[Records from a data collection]
——

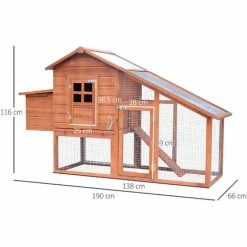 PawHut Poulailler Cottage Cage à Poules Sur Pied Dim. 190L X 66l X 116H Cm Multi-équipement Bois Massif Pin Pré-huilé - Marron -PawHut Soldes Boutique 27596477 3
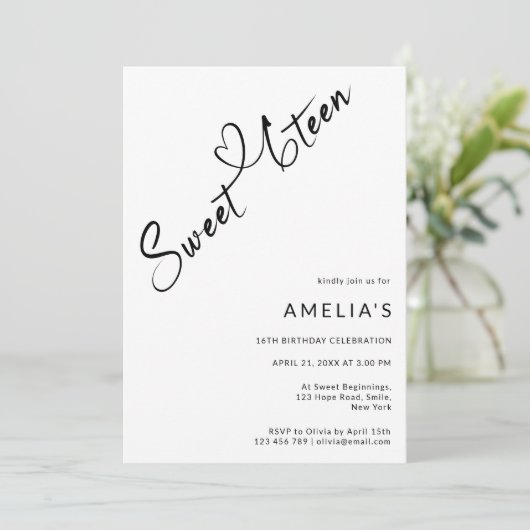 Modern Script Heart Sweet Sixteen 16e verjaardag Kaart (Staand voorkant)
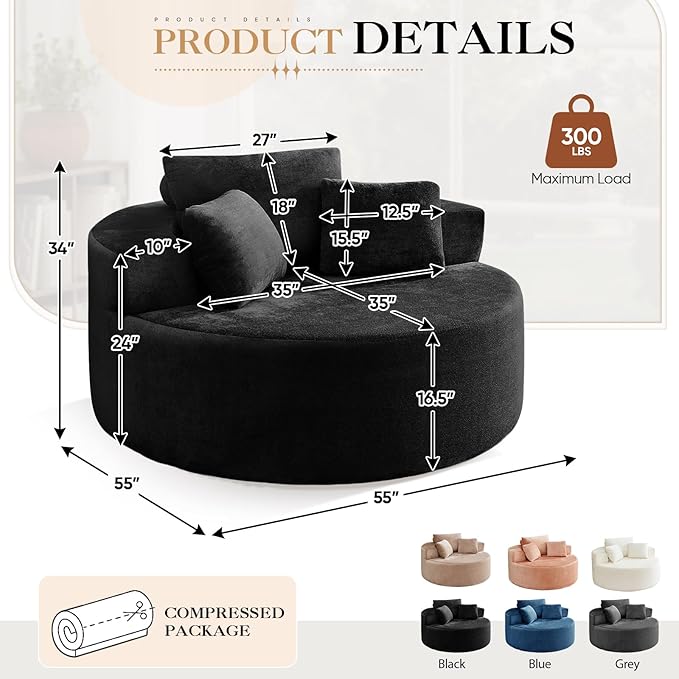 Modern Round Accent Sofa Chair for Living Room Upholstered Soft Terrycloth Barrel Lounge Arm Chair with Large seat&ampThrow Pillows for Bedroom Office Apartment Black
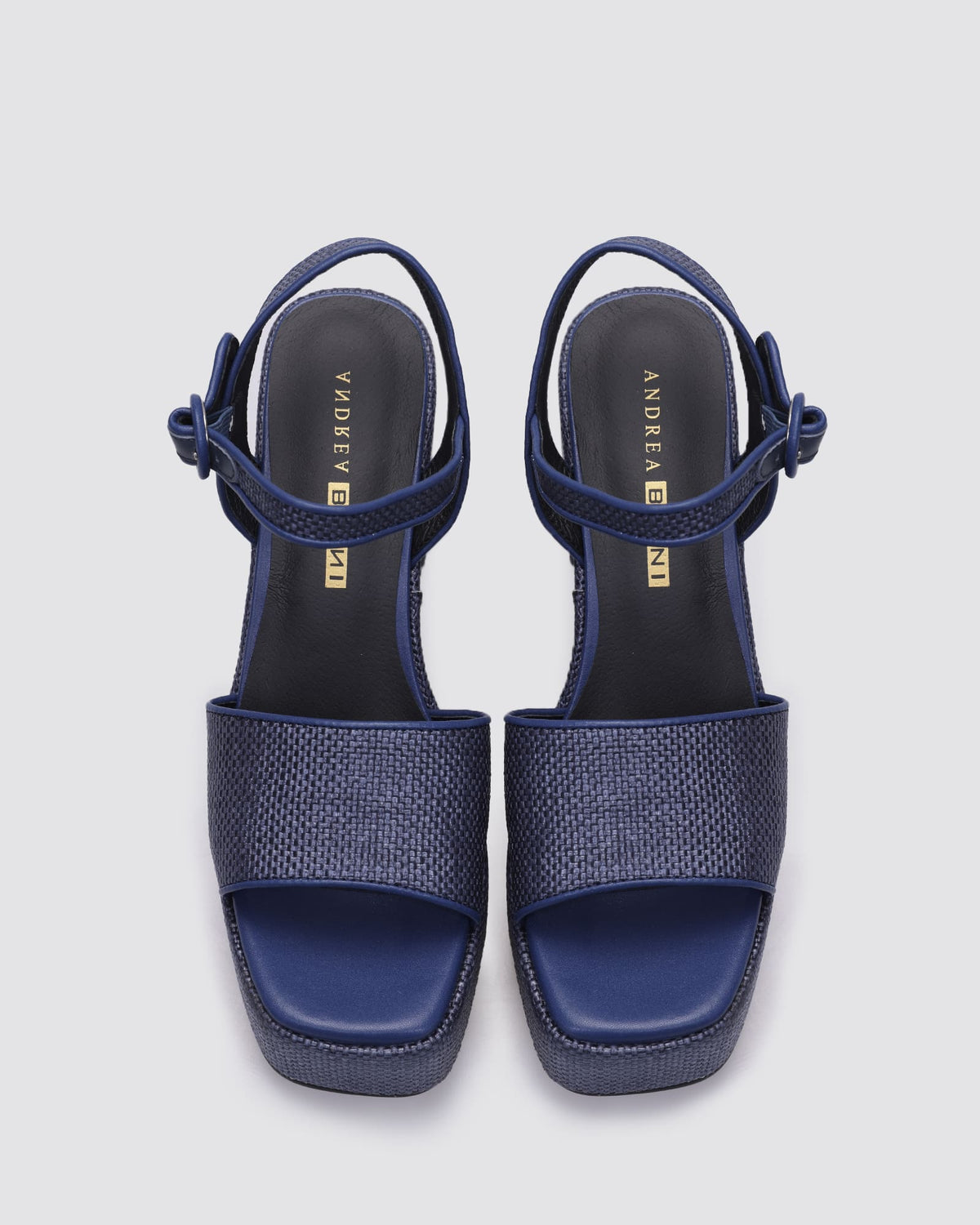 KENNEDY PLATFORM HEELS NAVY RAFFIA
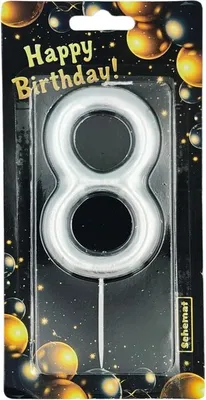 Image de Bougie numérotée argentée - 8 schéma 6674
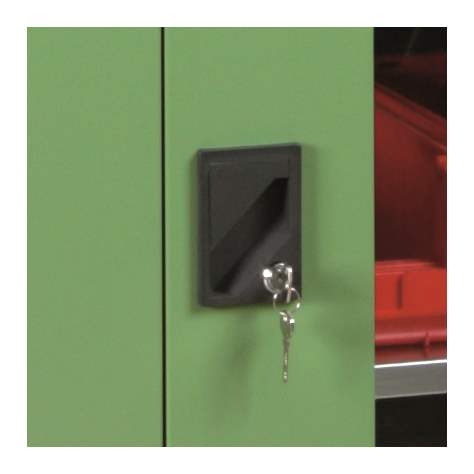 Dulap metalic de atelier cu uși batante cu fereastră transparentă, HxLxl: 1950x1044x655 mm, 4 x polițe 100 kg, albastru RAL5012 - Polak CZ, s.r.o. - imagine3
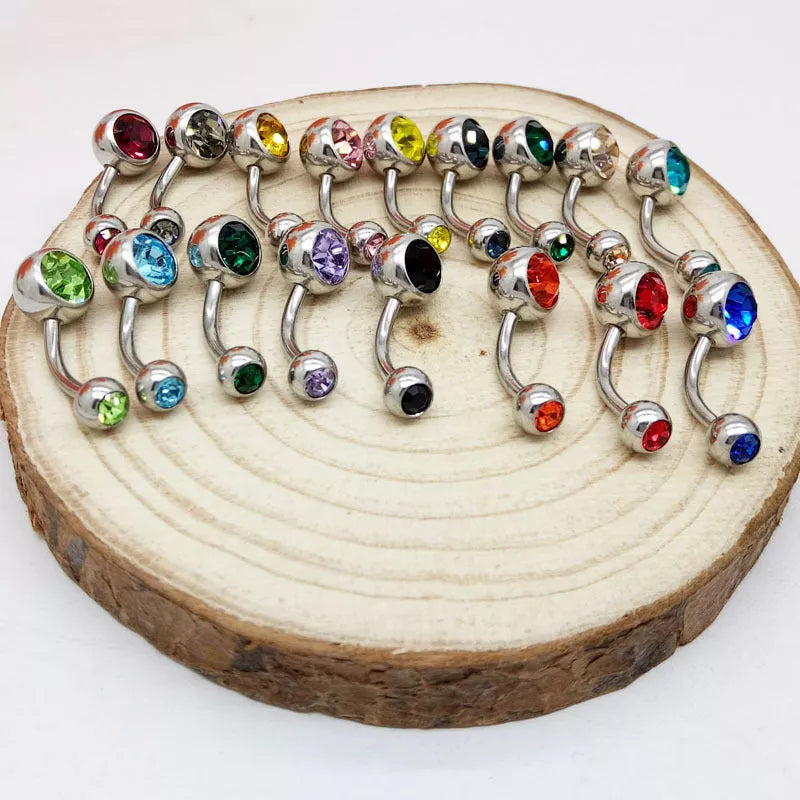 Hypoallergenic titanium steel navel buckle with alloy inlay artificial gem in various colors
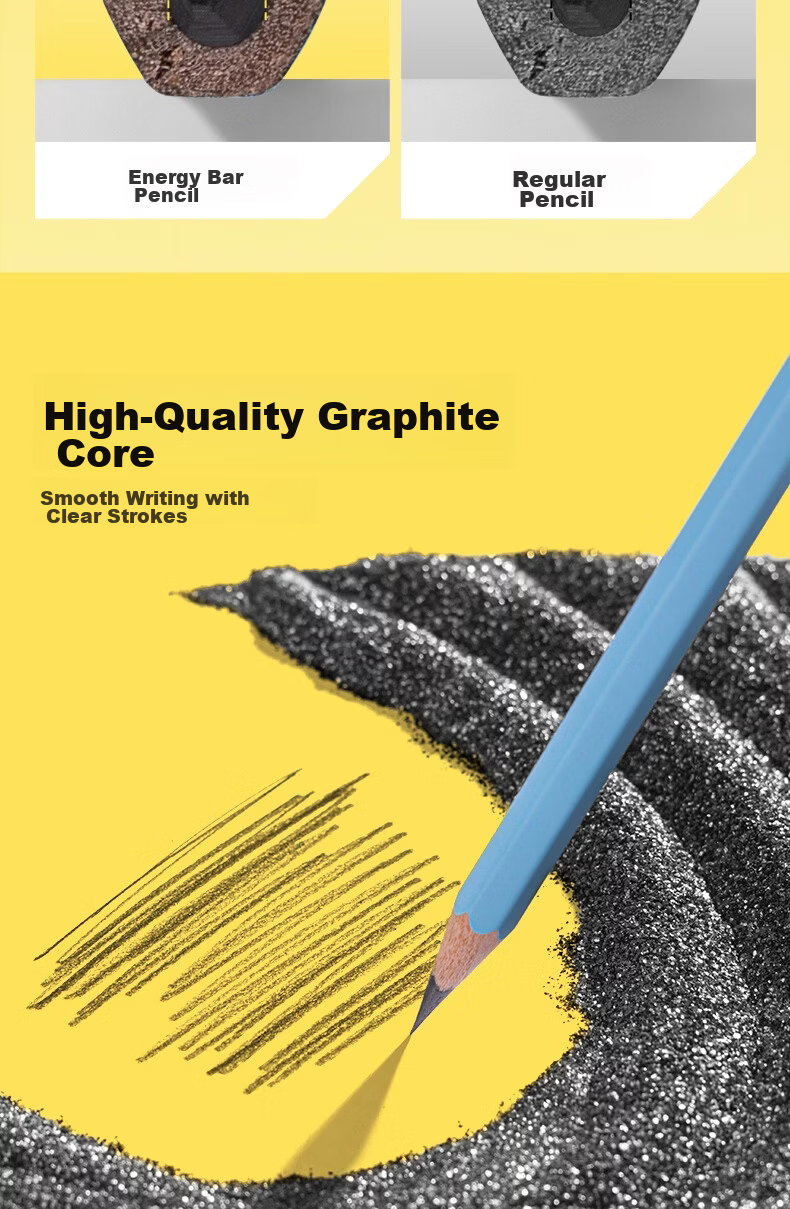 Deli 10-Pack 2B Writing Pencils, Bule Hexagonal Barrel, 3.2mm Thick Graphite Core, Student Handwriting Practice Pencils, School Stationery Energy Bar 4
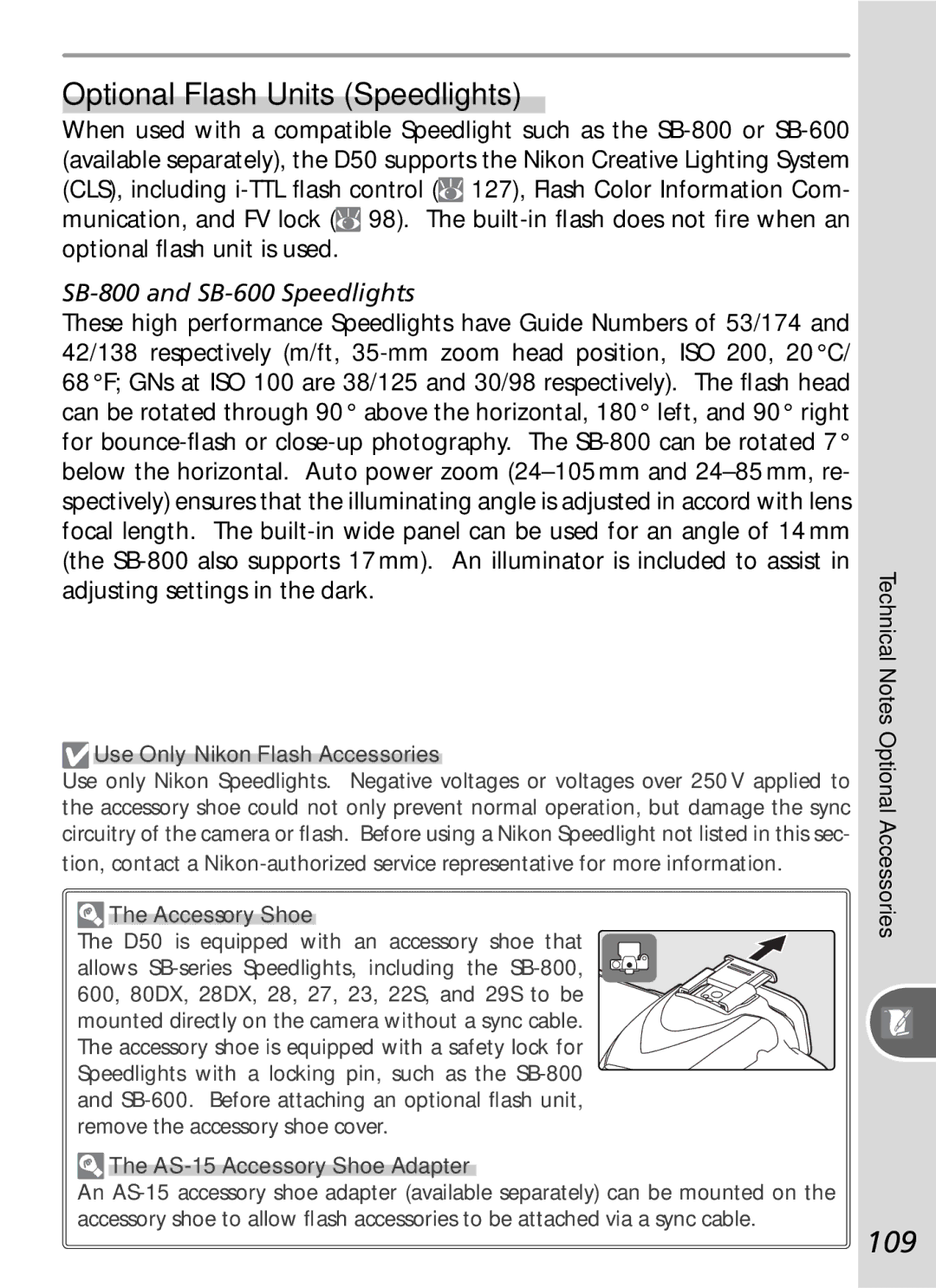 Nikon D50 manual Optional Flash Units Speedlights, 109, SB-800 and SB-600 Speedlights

——

- Problem requirements
In the data above, find the line with "KENNEDY PLATFORM HEELS NAVY RAFFIA" and the line with "Dulap metalic de". Please copy exactly those two lines and every line between them, but not the pictures.

- Task result
 KENNEDY PLATFORM HEELS NAVY RAFFIA
 Image de Bougie numérotée argentée - 8 schéma 6674
 Dulap metalic de atelier cu uși batante cu fereastră transparentă, HxLxl: 1950x1044x655 mm, 4 x polițe 100 kg, albastru RAL5012 - Polak CZ, s.r.o. - imagine3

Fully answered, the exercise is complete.